In a sign that the oil era is no longer ascending, the Rockefeller Family Foundation announced in May 2016 that it would withdrawal all investments in fossil fuels, arguing: “There is no sane rationale for companies to continue to explore for new sources of hydrocarbons.” Last week, Partex, the company that Gulbenkian started and grew into a veritable giant from the 1950s to 1970s, announced that it is holding talks to sell its fossil fuel assets.
These moves do not undermine the dominance of fossil fuels in the global energy system in any way. But it is interesting that these entities no longer view their assets as untouchable. The ascent of renewables is making entities with long-term investment horizons think twice. They also beg the question about how individuals can shape a global energy system that is far more complex than the early decades of the oil era.

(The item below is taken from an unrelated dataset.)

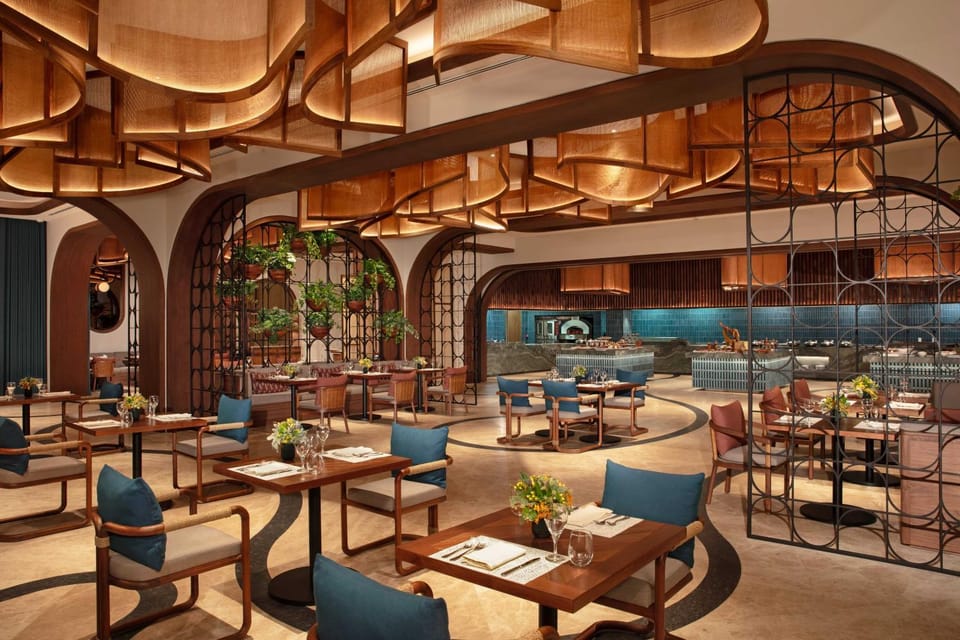 Restaurant/places to eat, Lunch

Rockefeller’s dominance of the U.S. oil industry is one of history’s single greatest business performances. He entered the refining sector in 1870, just a decade after the first application of modern drilling techniques in 1859 in western Pennsylvania. Rockefeller quickly became dominant in refining Pennsylvania crude into kerosene, an illumination fuel. He moved into the oil transportation sector through favorable deals with railroads during the 1870s-1890s, becoming the major exporter of U.S. oil to Europe and Asia. Smaller players resented his monopolistic tactics, but the Standard Oil Company helped create a global market for oil. The U.S. Supreme Court disbanded Standard in 1911. Three of these smaller entities became Seven Sisters: Exxon (Standard Oil Company of New Jersey), Mobil (Standard Oil Company of New York), and Chevron (Standard Oil Company of California).

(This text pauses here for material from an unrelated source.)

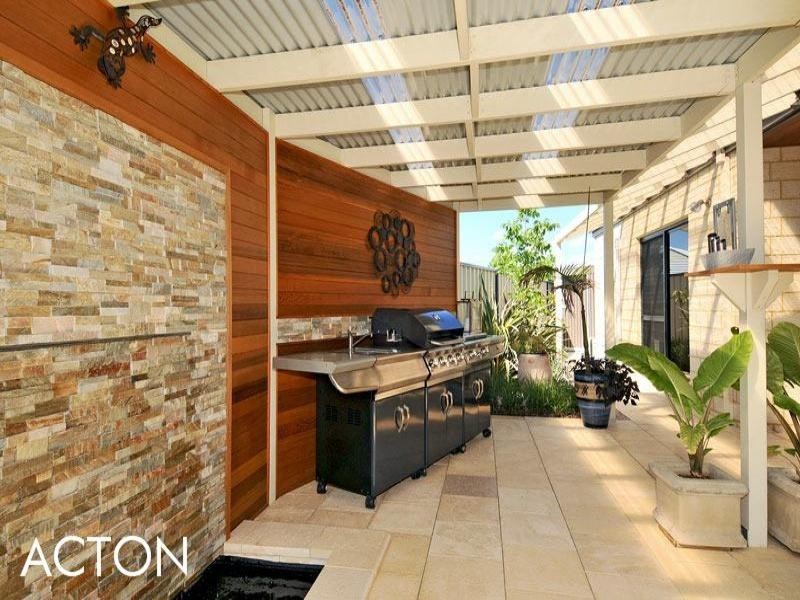 24 Grandmere Parade, Meadow Springs WA 6210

Gulbenkian had a similar story. He studied oil engineering in the 1880s at King’s College London and was commissioned by the Ottoman Sultan in 1892 to study the oil deposits in the Mosul province of Iraq. An Armenian, Gulbenkian fled his hometown of Istanbul in 1896, but his peripatetic life helped him meet influential London bankers. In 1912, he helped launch the Turkish Petroleum Company, a conglomerate of British and German interests to explore and produce oil in the Ottoman Empire. Gulbenkian received a five percent share in the TPC, which he retained after the war along with the moniker of Mr. Five Percent. His company Partex participated in the production of Iraqi oil from Kirkuk until 1972, after which it invested around the globe.

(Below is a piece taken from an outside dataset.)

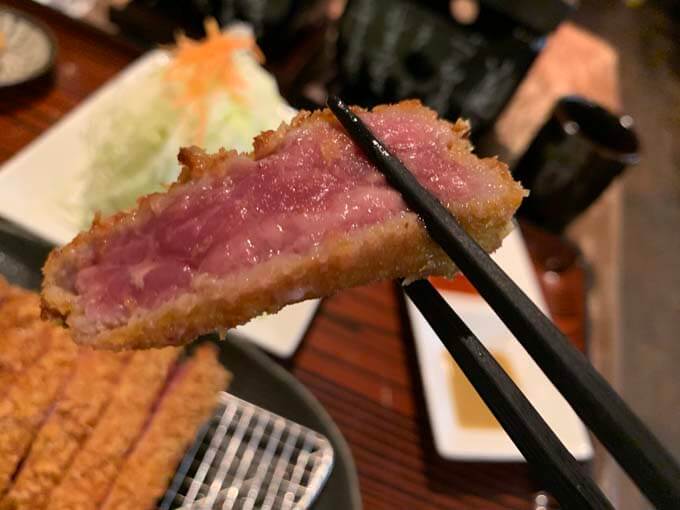 レアに揚げられた牛かつ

A green Rockefeller or Gulbenkian?
The Rockefeller and Gulbenkian stories are of brave individuals building global markets from scratch. Rockefeller thrived in a vacuum of state power. The U.S. government did not regulate the oil industry until it considered transitioning its navy to run on oil rather than coal in the 1900s. Gulbenkian also operated on a blank canvas and allied himself with powerful nations and financial houses in London to create a tremendous fortune.
It seems unlikely that an individual in today’s age could rise to such prominence and wealth in the energy system. Nation states now dominate domestic energy industries unlike in those earlier eras. As the growth in energy consumption is set to come more from renewables than any other source, it also seems unlikely that an individual could gain control over production in the same way. Every country or jurisdiction, after all, could, with the proper investment, develop its renewable energy production.
Yet it is worth recalling that the coal, oil, and gas era started in similar fashion. Localized production gradually expanded to regional and global markets through improvement in the transportation sector. The advent of steam-powered ships in the 1870s, oil supertankers in the 1960s, and liquefied natural gas tankers in the 2000s globalized each source. New battery technologies could do the same for electricity.
Elon Musk seems the most likely to fit the fold of modern day Rockefeller and Gulbenkian. He has championed electric vehicles through Tesla and the large-scale batteries that can harness and store wind and solar power. On February 6, Musk succeeded in putting the world’s most powerful rocket into orbit as part of his company SpaceX. It would be unwise to bet against a Green Rockefeller such as Musk, a South African, emerging in the United States, where the barriers to enter markets are relatively low. It is possible to envision how the control of batteries, either over their inputs or technology, could bestow similar degrees of market power.
We all have a collective desire to use more renewable energies to arrest the pace of climate change. Yet we are hampered by inertia and the lack of political leadership to take decisions that might arrest economic growth. We may need visionary leaders like Rockefeller and Gulbenkian to seize market opportunities if we are to resolutely move away from fossil fuels.